There was something pathetic about his hopeful look. He had never ceased to search for the magic key that would admit us from a tepid gray world into one of color and delight, and mostly he sought it in schemes that, by improving Everran, might also be a way of pleasing me.

I could not bring myself to pour acid on that hope. I said, “I'm sure it will surprise me, dear.” Insensibly, I had drifted into addressing him as if I were the elder. Indeed, I sometimes felt it. Old as the very hills. “What is it, then?”

“I have already submitted the plans to Estar.” A familiar gleam entered his eye. Another sewerage project, I thought. “The approval was here when I returned. Whenever we like, we can start.”

“Good,” I said. “Start what?”

“For the last two years,” he continued his address, “the east has been much in my mind. I felt we had not fully exploited its potential. Certainly,” as my mouth opened, “Gebria's population has increased tenfold, its production threefold, the new water should improve it again. But. . . .” He shrugged. “On last year's tour, I decided to visit the Gebros towns.”

A tiny prickle of warning went down my spine. “Yes?” I said.

“I actually rode out past the border,” he said, “into Hethria.
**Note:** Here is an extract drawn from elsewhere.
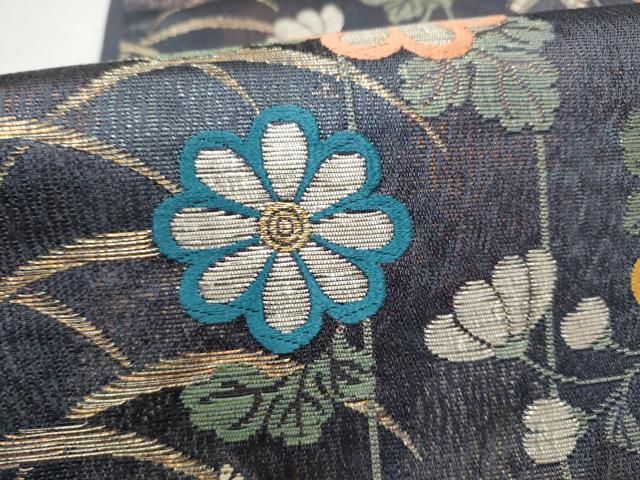 平和屋着物●ファッションデザイナー 花井幸子　六通柄袋帯　枝垂れ花文　金銀糸　正絹　逸品　CABO1709hy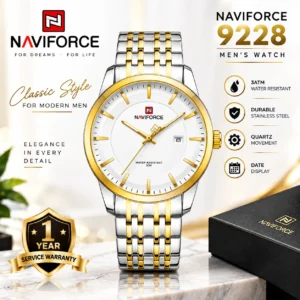 Naviforce 9228 silver for man silver white gold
Sellithar, it's a goldmine out there!” I had never seen Kastir display enthusiasm in my life. “Virgin soil—mostly better than Gebria's—only wanting cultivation to blossom like a rose. Think of the grain we could produce, the sheep we could run—we could double Quarred's wool clip inside five years. Cattle, too. They eat some kind of native weed in the rainy season, but we could import grasses—bind down the sand—improve the soil. We could farm that country for wine, fruit, silk, vegetables—we could make it the cornucopia of the Confederacy!”

My voice sounded oddly flat and loud. “How?”

“Irrigation, Sellithar.” He was positively ablaze with eagerness. “There's a dam on Kemreswash already, my surveyors found and studied it. Inefficient, of course. We'll build a better one, stone instead of logs, not a barrage, a wall with proper spillways, and keep all the flow instead of just a part. Then we can channel it clear down to Gebasterne. There are some channels too, they'll have to be replaced, far too small, but we can re-use the materials. And, my dear, we have the population to practice intensive farming all over that country, on a scale beyond Estar's own. We'll make the place a paradise!”